Three weeks ago, I taught you about famous chocolate bars. But your chocolate education is still incomplete. You are lacking if you don’t know what contribution Princess Maria Theresa made to chocolate history. And do you give Daniel Peter the due credit he deserves before you rave about his neighbor Henri Nestle? Can you tell me what Miki Mistrati is doing to change the chocolate industry?
The history of chocolate is a tale full of power, romance, and mysteries. Read on to become informed about the people who gave us the chocolate we know and love today:
1. Montezuma II.
The story of the first chocolate remains shrouded in mystery, but I can tell you that it happened somewhere in Central America. The Olmec, Mayan, and Aztec civilizations ate chocolate in a spicy beverage form for millennia, probably from as early on as 1500 BC.

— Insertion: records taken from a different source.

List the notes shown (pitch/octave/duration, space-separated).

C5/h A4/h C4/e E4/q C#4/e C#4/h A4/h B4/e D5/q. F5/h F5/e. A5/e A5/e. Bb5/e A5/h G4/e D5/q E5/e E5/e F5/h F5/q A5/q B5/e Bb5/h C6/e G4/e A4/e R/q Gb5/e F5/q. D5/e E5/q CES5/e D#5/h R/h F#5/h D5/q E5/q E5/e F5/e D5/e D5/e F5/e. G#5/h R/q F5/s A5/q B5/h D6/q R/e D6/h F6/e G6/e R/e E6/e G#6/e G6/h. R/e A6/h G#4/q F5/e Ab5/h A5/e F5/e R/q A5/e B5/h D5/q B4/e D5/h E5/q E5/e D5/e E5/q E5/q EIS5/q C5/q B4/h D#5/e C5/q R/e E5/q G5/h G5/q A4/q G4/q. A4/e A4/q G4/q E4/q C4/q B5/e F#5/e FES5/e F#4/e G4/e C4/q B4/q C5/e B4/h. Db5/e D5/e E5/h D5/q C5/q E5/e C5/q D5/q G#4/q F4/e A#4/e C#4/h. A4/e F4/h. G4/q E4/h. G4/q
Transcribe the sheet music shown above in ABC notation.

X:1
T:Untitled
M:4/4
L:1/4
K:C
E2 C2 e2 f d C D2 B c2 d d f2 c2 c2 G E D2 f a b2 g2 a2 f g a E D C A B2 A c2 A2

Montezuma II was an Aztec king who, according to legend, drank fifty cups of chocolate every time. Each time in a new gold goblet. Montezuma II also shared the drink with his nemesis Hernan Cortes. It was Cortes’ Spanish troops who took chocolate to Europe.
2. Maria Theresa of Spain.
Maria Theresa was the Spanish princess who married the Louis XIV of France, the illustrious Sun King, in 1660. By this time, drinking chocolate was popular with Spanish nobility. Maria Theresa was so fond of the beverage that her wedding gift to Louis XIV was a fancy trunk filled only with chocolate! She also brought from Spain a servant whose sole purpose was to froth chocolate.

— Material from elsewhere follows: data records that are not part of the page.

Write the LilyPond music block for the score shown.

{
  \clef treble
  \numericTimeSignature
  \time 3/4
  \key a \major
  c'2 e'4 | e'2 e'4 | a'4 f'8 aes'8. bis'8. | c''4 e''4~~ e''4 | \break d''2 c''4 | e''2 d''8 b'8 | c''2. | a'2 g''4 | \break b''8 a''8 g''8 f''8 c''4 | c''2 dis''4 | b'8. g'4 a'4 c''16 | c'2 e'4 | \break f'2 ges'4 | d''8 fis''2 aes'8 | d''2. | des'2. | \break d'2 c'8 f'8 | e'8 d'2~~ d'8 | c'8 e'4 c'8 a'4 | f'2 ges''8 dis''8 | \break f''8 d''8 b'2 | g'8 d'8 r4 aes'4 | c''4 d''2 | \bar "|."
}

Under Maria Theresa's influence, chocolate soon became served at Versailles three days a week. Once the fashionable French court was eating chocolate, the rest of Europe followed suit. Thus chocolate spread across the continent.
3. Joseph, Francis and Richard Fry.
In my last article about chocolate, I explained here how the first chocolate bar was invented and sold by the company Joseph Fry and Sons. At the point of the invention, however, Joseph Fry had passed away. Which of his three sons, Francis, Richard, or Joseph, (or someone else?) can we credit with this marvelous development in eating chocolate?

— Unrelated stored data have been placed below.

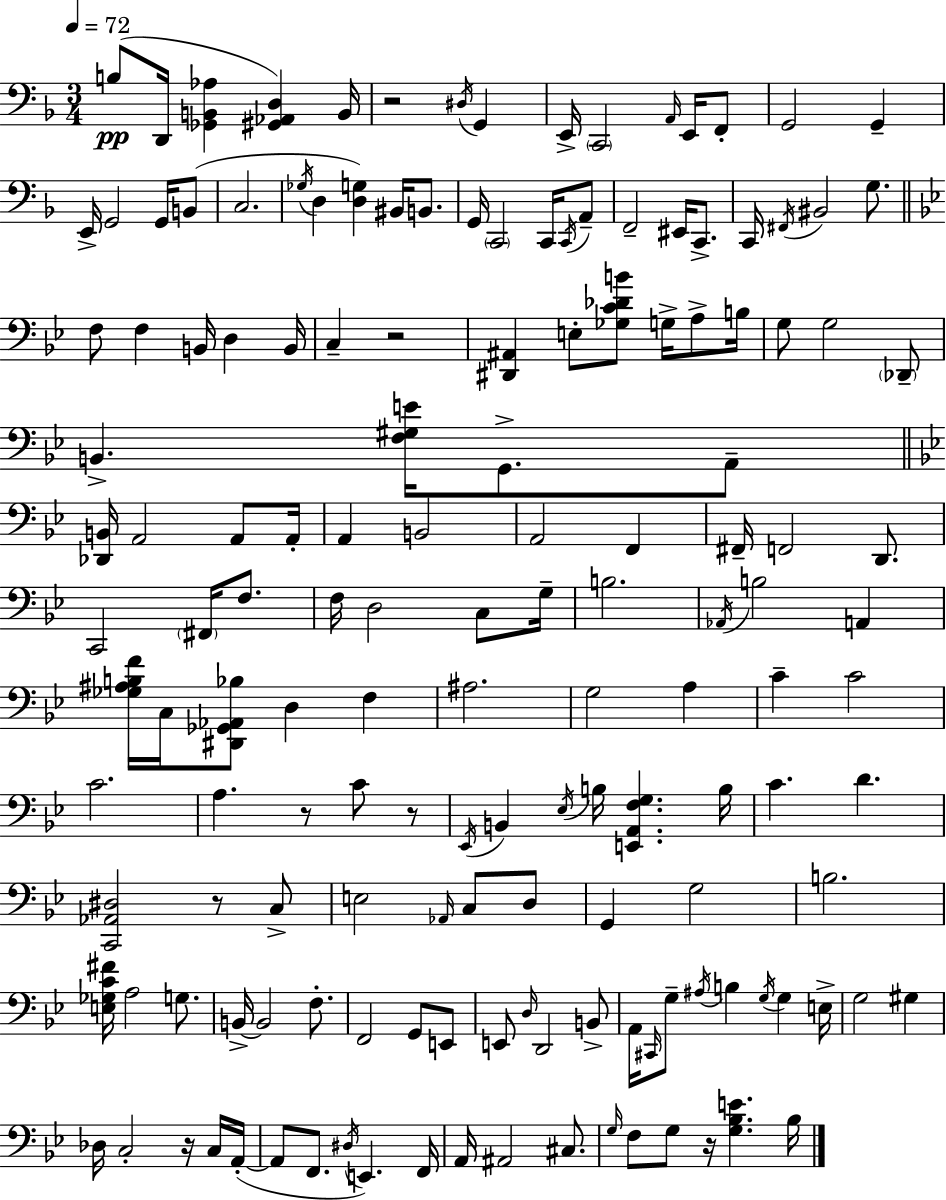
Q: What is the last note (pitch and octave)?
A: Bb3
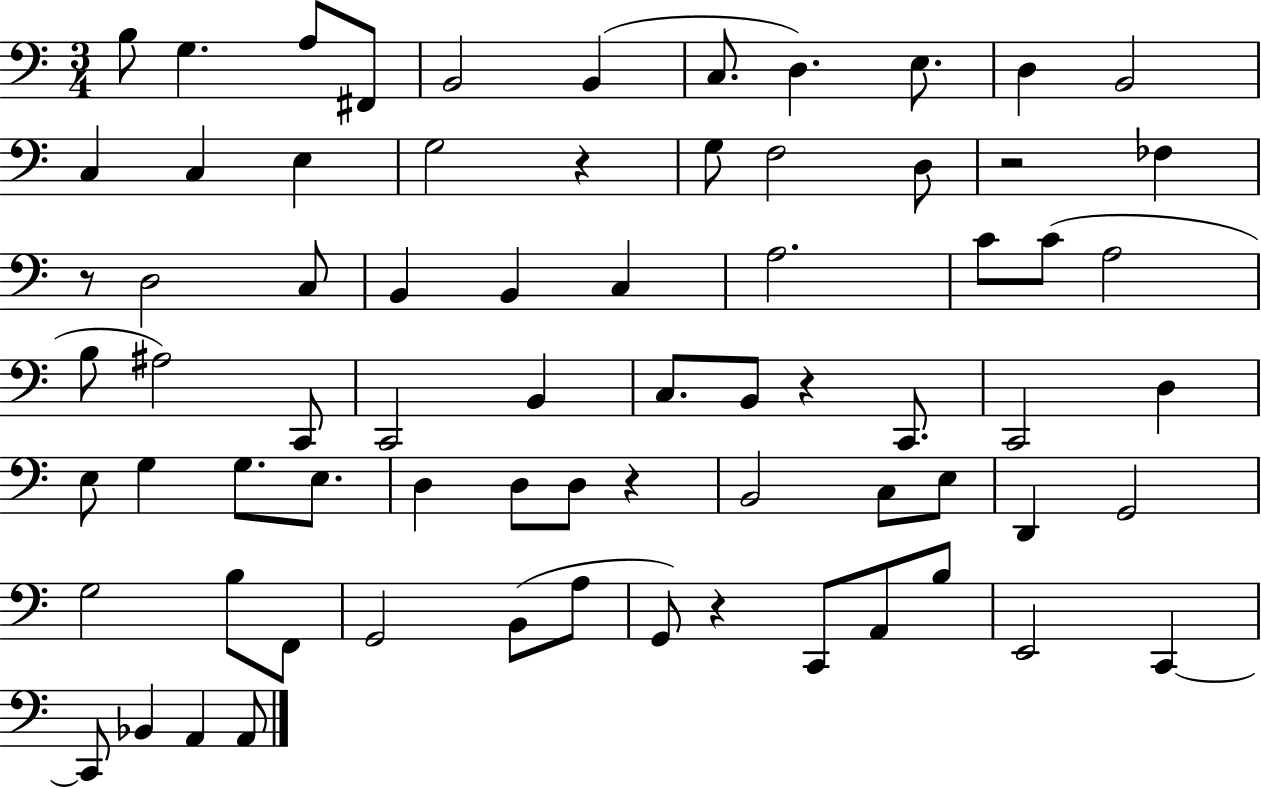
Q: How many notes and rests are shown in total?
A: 72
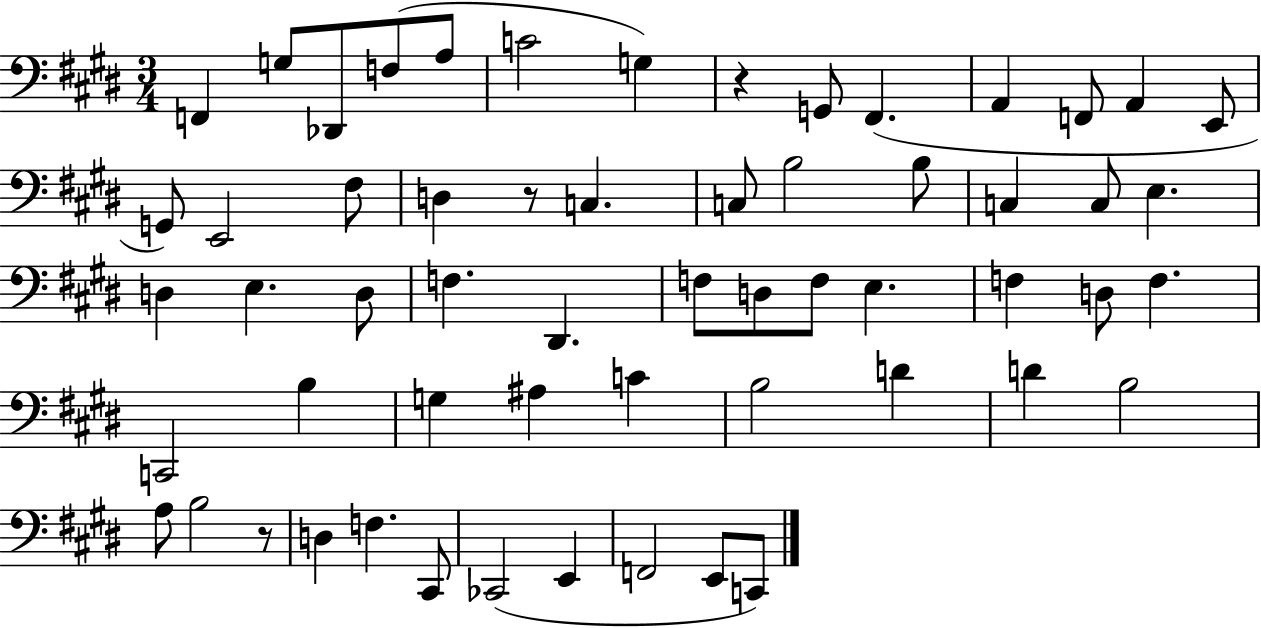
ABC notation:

X:1
T:Untitled
M:3/4
L:1/4
K:E
F,, G,/2 _D,,/2 F,/2 A,/2 C2 G, z G,,/2 ^F,, A,, F,,/2 A,, E,,/2 G,,/2 E,,2 ^F,/2 D, z/2 C, C,/2 B,2 B,/2 C, C,/2 E, D, E, D,/2 F, ^D,, F,/2 D,/2 F,/2 E, F, D,/2 F, C,,2 B, G, ^A, C B,2 D D B,2 A,/2 B,2 z/2 D, F, ^C,,/2 _C,,2 E,, F,,2 E,,/2 C,,/2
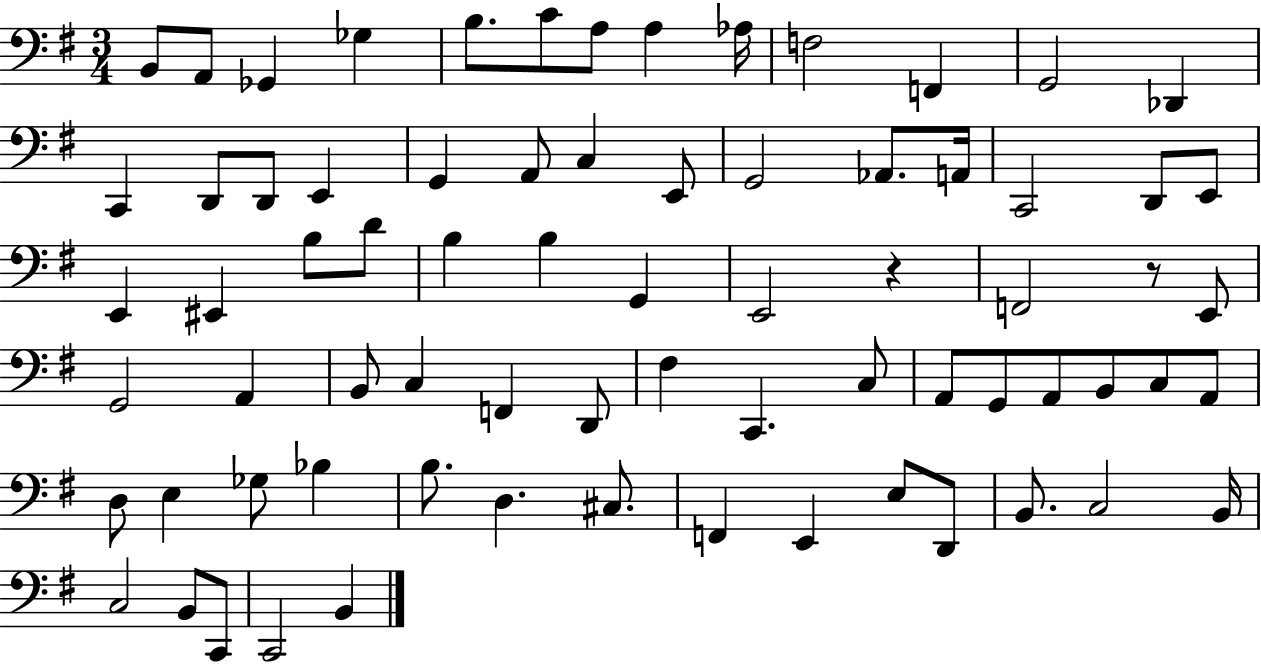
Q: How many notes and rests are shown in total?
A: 73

If you can find out, I’ll send you some chocolate.
4. Daniel Peter.
Daniel Peter started his career as a Swiss candle-maker. But in the 1860s, people wanted oil lamps, not candles. When Peter fell in love with the daughter of a chocolatier, he decided to follow his father-in-law’s trade.
Peter liked how milk softened the bitter taste of chocolate, but the water in milk caused the chocolate to spoil. A few years later, Peter and his wife had a baby who wouldn’t breastfeed. Peter’s chemist neighbor, Henri Nestle, suggested his dehydrated milk. Dehydrated milk not only satisfied the baby but also turned out to be the perfect ingredient in milk chocolate! Eventually, Peter and Nestle together started the Nestle chocolate company.
5. Miki Mistrati.
Along with romance and royalty, the history of the chocolate industry also includes horrifying injustice. European nobility was drinking chocolate because of triangular trade, which kidnapped West Africans, sold them as slaves in the Americas, and brought slave-made cocoa beans from the Americas to Europe.
Today, the chocolate industry is still enslaving West Africans. According to a 2014 study by Tulane University, over two million children work as slaves in cocoa plantations in West Africa.
Miki Mistrati is raising awareness about this issue. He directed the 2012 documentary, “The Dark Side of Chocolate,” filmed with hidden cameras in cocoa plantations in Mali and the Ivory Coast. Mistrati didn’t stop with simply making the film. After the company Nestle declined an offer to view and comment on the documentary, Mistrati set up a giant screen next to Nestle headquarters in Vevey, Switzerland and showed his documentary on that to passing employees.